When the line with "Governo espanhol diz" appears below, start repeating lines exactly, and keep going through the line with "Happy Life Hotel"; add nothing outside that span.

— Raw data —
-*-
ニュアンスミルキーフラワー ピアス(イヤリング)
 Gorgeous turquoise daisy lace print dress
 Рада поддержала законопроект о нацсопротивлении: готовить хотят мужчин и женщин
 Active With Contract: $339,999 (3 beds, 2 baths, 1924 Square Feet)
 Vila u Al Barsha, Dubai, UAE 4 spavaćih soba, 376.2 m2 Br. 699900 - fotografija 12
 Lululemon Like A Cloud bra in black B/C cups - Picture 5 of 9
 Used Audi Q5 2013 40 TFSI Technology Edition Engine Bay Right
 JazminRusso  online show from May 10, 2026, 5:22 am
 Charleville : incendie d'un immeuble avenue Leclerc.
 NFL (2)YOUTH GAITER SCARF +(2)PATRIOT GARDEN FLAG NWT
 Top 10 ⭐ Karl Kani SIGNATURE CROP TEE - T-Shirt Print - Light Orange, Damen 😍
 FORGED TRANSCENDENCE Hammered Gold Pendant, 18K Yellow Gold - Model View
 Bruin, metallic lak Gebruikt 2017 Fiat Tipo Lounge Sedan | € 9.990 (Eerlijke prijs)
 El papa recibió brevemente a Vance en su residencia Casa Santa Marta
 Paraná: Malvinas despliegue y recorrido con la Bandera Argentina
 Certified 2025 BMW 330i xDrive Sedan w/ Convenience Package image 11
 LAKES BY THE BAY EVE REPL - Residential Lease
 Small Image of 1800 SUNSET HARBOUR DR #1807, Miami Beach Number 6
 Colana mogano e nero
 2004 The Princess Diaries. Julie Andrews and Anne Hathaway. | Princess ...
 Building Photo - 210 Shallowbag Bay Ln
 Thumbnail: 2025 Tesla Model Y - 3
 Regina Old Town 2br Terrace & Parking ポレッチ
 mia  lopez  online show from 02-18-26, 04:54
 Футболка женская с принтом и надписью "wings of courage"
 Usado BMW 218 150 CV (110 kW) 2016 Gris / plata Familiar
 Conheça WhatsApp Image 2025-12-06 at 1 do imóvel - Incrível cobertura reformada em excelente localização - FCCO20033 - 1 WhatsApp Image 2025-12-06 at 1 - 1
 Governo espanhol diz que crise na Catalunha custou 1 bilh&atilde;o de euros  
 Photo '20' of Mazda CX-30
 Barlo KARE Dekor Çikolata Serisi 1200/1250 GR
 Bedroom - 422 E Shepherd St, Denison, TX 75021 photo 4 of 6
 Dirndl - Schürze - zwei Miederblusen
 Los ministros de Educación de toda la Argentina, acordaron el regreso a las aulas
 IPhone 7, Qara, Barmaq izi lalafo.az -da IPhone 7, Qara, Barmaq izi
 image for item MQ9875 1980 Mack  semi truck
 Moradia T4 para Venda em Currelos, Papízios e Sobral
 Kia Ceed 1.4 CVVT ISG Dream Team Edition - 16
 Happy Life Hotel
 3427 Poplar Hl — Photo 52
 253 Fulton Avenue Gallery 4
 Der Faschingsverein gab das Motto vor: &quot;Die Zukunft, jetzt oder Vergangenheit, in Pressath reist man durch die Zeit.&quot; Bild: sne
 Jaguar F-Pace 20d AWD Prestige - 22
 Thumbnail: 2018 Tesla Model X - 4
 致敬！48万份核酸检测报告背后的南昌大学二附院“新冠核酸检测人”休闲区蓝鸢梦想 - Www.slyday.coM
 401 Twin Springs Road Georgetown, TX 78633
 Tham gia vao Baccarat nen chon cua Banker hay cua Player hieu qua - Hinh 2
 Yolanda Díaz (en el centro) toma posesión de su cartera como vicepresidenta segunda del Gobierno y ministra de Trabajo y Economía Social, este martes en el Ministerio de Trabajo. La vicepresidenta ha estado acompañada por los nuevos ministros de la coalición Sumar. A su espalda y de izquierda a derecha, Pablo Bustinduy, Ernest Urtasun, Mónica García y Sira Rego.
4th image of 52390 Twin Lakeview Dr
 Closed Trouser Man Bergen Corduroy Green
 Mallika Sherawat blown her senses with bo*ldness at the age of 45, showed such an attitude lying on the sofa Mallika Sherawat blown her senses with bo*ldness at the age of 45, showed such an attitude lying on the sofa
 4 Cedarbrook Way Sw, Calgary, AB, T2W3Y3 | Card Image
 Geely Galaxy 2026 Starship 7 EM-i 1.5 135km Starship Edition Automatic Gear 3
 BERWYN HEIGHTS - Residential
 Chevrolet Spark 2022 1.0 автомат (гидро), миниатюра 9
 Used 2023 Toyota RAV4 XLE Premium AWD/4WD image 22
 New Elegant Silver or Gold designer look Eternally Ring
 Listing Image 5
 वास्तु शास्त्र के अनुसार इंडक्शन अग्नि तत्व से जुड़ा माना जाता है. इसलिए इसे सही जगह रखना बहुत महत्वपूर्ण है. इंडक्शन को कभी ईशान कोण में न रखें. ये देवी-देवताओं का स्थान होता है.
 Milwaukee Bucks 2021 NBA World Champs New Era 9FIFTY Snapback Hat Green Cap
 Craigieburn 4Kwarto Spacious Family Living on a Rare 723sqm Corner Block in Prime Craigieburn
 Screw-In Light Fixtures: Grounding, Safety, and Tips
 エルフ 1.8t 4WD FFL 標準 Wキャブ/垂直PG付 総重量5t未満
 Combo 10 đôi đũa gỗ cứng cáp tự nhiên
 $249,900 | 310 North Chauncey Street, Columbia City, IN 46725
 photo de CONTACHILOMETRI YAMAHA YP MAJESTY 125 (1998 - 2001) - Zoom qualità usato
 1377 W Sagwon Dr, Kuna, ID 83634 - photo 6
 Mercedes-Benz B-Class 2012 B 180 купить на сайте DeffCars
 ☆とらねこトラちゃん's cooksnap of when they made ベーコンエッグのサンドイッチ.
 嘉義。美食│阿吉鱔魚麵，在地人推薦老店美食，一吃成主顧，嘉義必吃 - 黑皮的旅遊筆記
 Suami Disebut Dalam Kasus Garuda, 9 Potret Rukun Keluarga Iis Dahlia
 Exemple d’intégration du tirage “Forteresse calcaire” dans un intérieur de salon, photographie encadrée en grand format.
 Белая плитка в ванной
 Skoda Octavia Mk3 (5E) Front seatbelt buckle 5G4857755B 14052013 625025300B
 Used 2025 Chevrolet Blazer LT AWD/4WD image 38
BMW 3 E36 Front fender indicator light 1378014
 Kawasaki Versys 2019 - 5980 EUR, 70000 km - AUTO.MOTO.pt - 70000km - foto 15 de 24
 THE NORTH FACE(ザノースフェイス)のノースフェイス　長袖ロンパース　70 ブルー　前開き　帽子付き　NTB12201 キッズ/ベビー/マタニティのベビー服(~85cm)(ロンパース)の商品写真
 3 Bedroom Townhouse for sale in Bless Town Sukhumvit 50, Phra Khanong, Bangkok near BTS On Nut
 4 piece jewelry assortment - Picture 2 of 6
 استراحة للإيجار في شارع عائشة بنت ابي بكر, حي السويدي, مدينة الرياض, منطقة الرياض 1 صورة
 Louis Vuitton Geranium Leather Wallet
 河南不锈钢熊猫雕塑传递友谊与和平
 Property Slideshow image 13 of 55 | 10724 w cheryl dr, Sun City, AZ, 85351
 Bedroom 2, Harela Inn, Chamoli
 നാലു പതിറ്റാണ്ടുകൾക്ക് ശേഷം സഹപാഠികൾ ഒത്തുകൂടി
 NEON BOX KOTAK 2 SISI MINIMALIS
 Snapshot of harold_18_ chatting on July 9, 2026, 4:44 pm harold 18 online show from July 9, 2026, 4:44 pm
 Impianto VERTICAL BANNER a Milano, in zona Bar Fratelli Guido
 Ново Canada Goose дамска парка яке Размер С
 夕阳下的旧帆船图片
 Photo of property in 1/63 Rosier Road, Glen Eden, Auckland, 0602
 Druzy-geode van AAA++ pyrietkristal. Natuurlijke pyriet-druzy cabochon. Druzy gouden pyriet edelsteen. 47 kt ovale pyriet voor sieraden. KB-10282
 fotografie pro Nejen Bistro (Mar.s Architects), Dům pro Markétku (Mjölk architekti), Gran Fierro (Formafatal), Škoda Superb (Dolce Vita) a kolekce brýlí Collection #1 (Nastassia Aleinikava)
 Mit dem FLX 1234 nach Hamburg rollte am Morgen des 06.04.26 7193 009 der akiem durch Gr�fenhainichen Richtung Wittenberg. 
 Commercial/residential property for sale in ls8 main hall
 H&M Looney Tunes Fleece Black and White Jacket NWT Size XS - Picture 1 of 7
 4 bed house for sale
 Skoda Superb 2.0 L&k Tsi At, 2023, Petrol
-*-
— Expected output —
 Governo espanhol diz que crise na Catalunha custou 1 bilh&atilde;o de euros  
 Photo '20' of Mazda CX-30
 Barlo KARE Dekor Çikolata Serisi 1200/1250 GR
 Bedroom - 422 E Shepherd St, Denison, TX 75021 photo 4 of 6
 Dirndl - Schürze - zwei Miederblusen
 Los ministros de Educación de toda la Argentina, acordaron el regreso a las aulas
 IPhone 7, Qara, Barmaq izi lalafo.az -da IPhone 7, Qara, Barmaq izi
 image for item MQ9875 1980 Mack  semi truck
 Moradia T4 para Venda em Currelos, Papízios e Sobral
 Kia Ceed 1.4 CVVT ISG Dream Team Edition - 16
 Happy Life Hotel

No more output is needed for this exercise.